Comment sensibilisez-vous le monde de l’entreprise à la dyslexie ?
Depuis trois ans, nous menons, au sein des entreprises, des actions de sensibilisation via des journées découverte et des journées test. À date, plus de 150 000 salariés ont été touchés par nos actions, au sein de PME et d’ETI mais aussi de grands groupes comme Coca Cola, Décathlon, Transdev…, en France comme dans le monde. Dans ces entreprises, notre objectif est d’identifier les salariés dyslexiques et de leur proposer un accompagnement pour favoriser leur intégration professionnelle, donc leur bien-être. Ce moment est également l’occasion de libérer les atouts propres aux dyslexiques : la créativité, la persévérance, le sens de l’analyse… Par ailleurs, je vais contredire la maxime selon laquelle « les cordonniers sont les plus mal chaussés » : car nous sensibilisons également l’ensemble de nos salariés à ce sujet, notamment les nouveaux entrants au cours de leur programme d’intégration.
Dyslexie : les chiffres clés à retenir
- 59 % des dyslexiques cachent leur handicap en entretien d’embauche,
- 50 % le cachent dans leur travail quotidien,
- 54 % estiment que la dyslexie entrave leur évolution professionnelle,
- 54 % ressentent une forme de discrimination.
Source : étude menée en 2023 par LinkedIn et l’institut de sondage CSA.

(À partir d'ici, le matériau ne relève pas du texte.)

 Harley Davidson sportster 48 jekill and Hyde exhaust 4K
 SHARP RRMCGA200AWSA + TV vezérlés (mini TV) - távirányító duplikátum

Carrefour dévoile son plan d’actions pour aider ses salariés dyslexiques
En novembre 2024, Carrefour annonçait, par l’intermédiaire de son PDG Alexandre Bompard, un plan d’action en faveur de ses salariés atteints de troubles DYS (dyslexie, dysorthographie, dyscalculie). Le groupe entend notamment proposer des pré-diagnostics, de nouveaux outils informatiques, des polices de caractère dédiées, un réseau d’entraide interne… Par ailleurs, il s’engage à former 2000 collaborateurs par an sur des compétences de base comme la lecture.